Il secondo valido motivo è legato a una buona dose di anticonformismo che raramente si riscontra negli autori di genere. Bussi affronta attraverso la fiction l'attualità senza mai risultare retorico e rovinare così al lettore il piacere di godersi la tensione della pagina. Lo confessa lui stesso: «Parto da teorie solide e da un impianto ben documentato, ma nulla di ciò che scrivo a proposito del crimine in sé viene inquinato da visioni umanistiche o deve risultare troppo realista». Premessa necessaria, visto che Il quaderno rosso ha come protagonisti i migranti e affronta un tema chiave nell'attualità europea e francese in primo luogo. Facile pensare che si tratti di un camuffamento noir sotto cui ammassare tonnellate di pensiero radical chic: «Siamo troppo duri coi migranti e se il mio libro suscitasse una reazione a questo, sarebbe fantastico. Ma sono un professore di geografia e dunque quello che volevo dire è molto più macro», racconta. «Il mondo è una vetrina, grazie alla rete e alla comunicazione. Ma poi ha barriere nazionali. Le due cose sono inconciliabili: mi interessava questo paradosso». Esplorato nel romanzo in modo, appunto, originale: «Gli occidentali credono che, se non si barricano, tutta l'Africa sbarcherà in Occidente. Che stupida paura! La stragrande maggioranza della gente vuole rimanere dov'è». A parlare è il personaggio di Savorgnan, un clandestino del Benin. Che continua: «A differenza di quello che credono tutti vedendo per strada i clandestini miseramente vestiti, a partire non sono quelli che non hanno niente da perdere, bensì i campioni scelti dalle famiglie».

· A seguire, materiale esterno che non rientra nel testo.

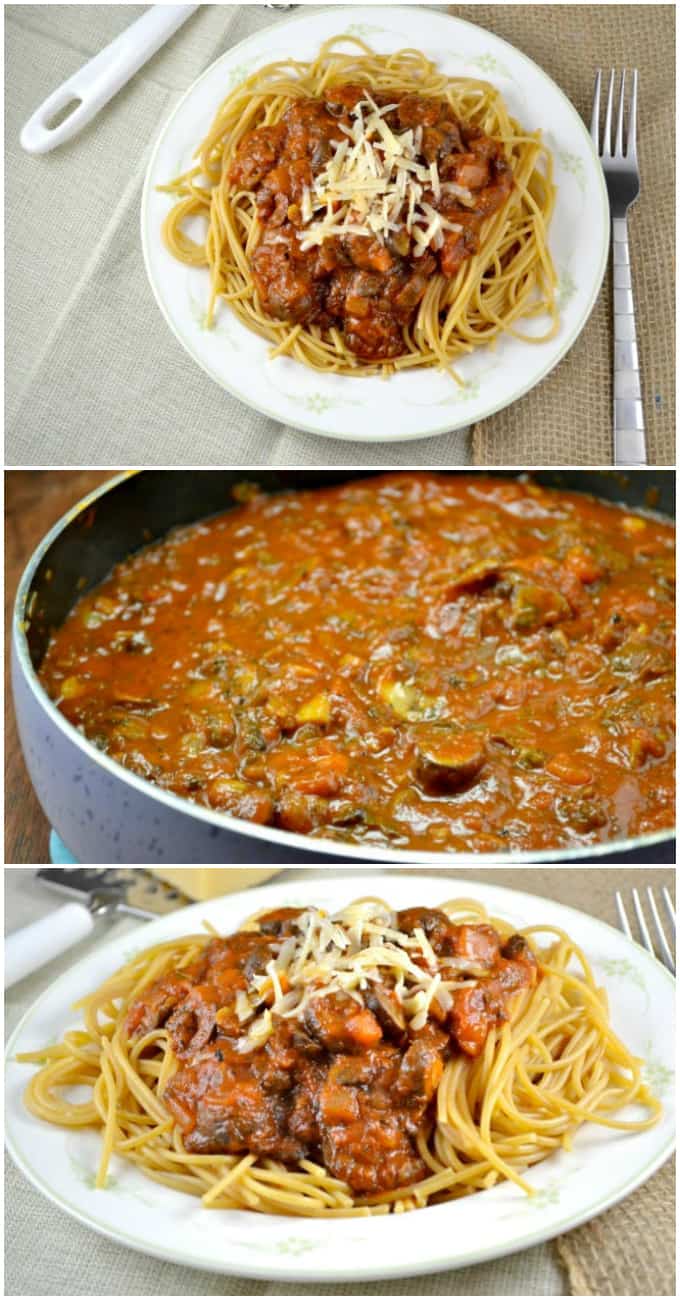 easy meatless spaghetti sauce with whole wheat pasta - easy and healthy vegetarian dinner! #meatless #spaghetti #dinner #healthy #spaghettisauce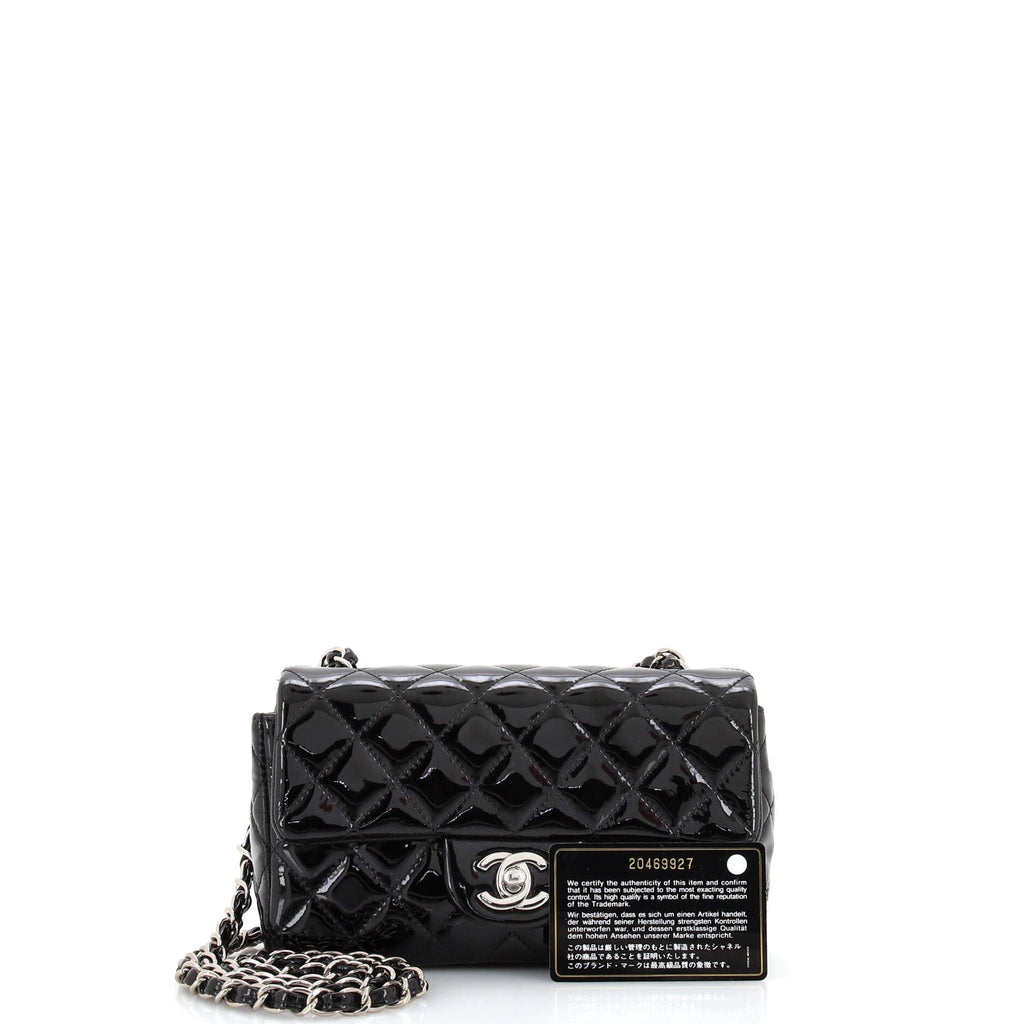 Classic Single Flap Bag Quilted Patent Mini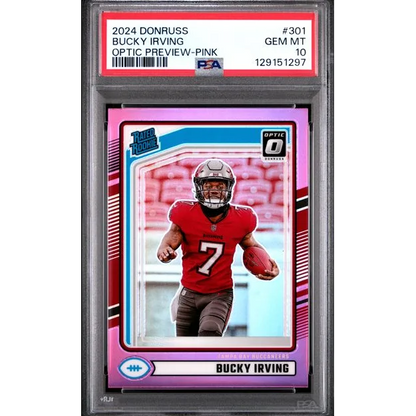 Bucky Irving in red Buccaneers jersey #7 holds football on PSA 10 rookie card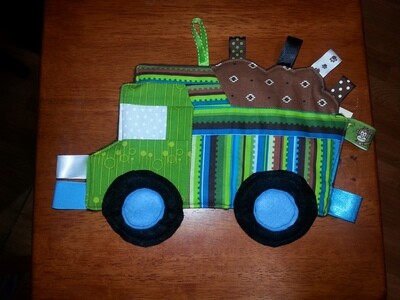 Quilt pattern, Dump Truck Patchwork Crinkle Taggie Toy pdf Pattern and Tutorial with a Immediate download e-file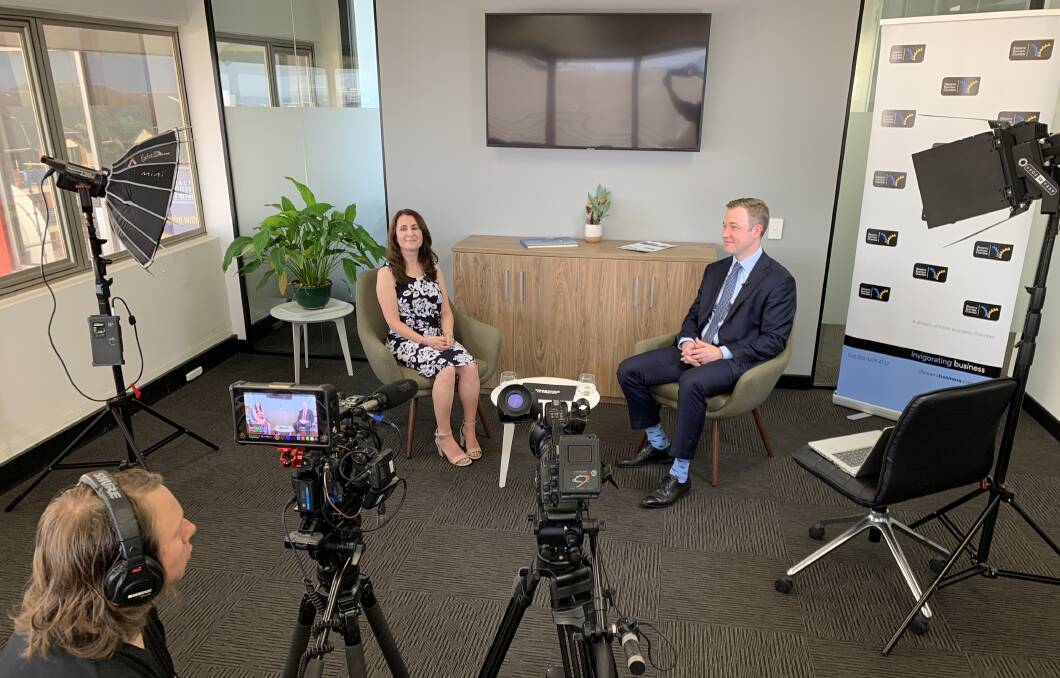 Business Response: Relativity filming Episode 2 of Business Response with social media expert Kellie OBrien talking to Illawarra Business Chamber executive director Adam Zarth. Picture: Gerardo Ceres. 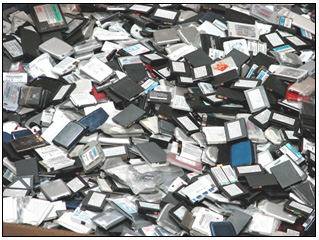 Figure 1: Discarded mobile phone batteries are tested and redistributed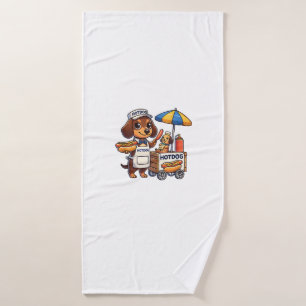 Funny Dachshund Dog Doxie Sausage Hotdog Sandwich Bath Towel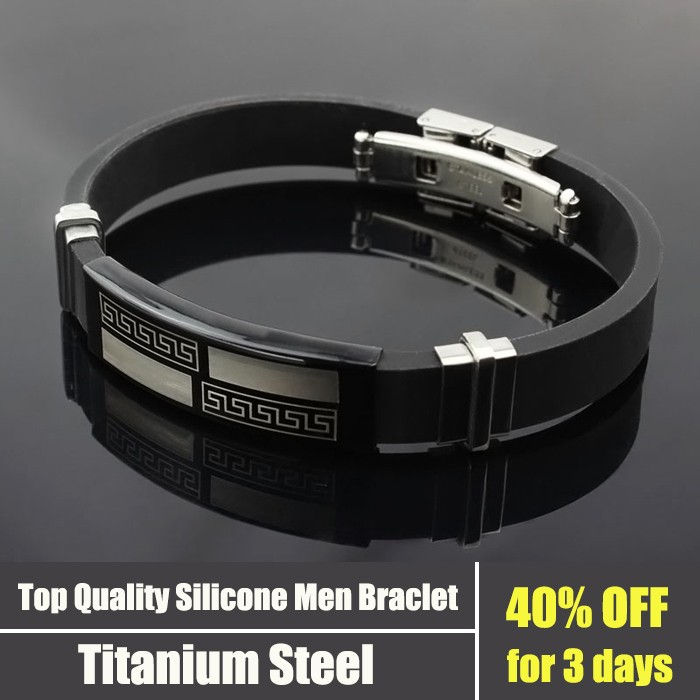 Thumbnail: Great Wall Titanium Steel Silicone Black Bracelet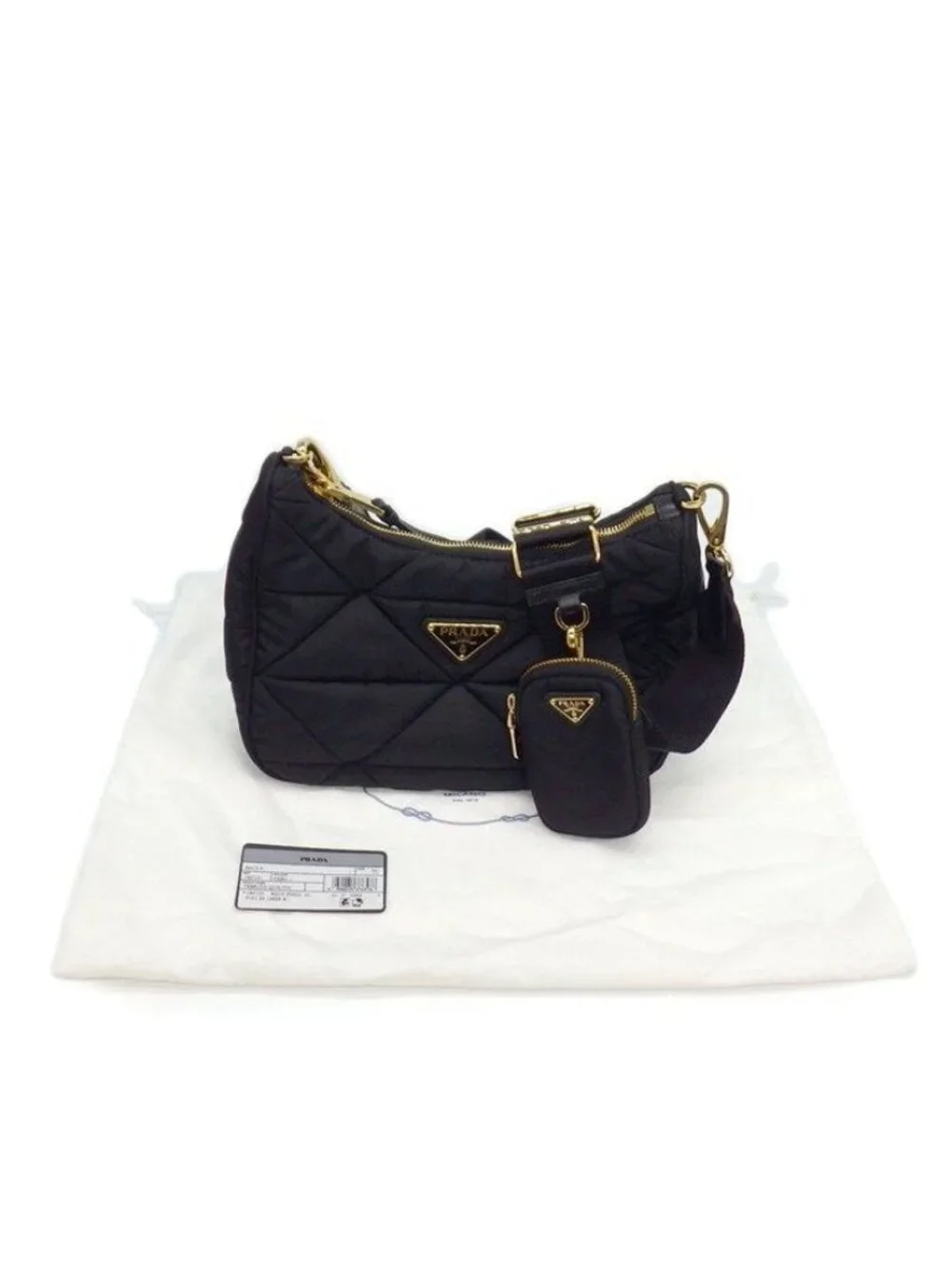 Prada Shoulder Bag Patted Quilted Re-Nylon Black Recycled Polyamide Gold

Bussi sostiene che il suo modello ispiratore è il senso dell'intrigo di Agatha Christie. Sommato a un inattaccabile metodo per scegliere chi viene ucciso, nei suoi plot: «Chi muore influenza i sentimenti e il carattere di quelli che gli sopravviveranno, quindi è sempre una questione di equilibrio: una vittima sacrificale che permette agli altri di rivelarsi o di vivere meglio. È il principio della tragedia: uno scambio di consapevolezza tra chi se ne va e chi rimane».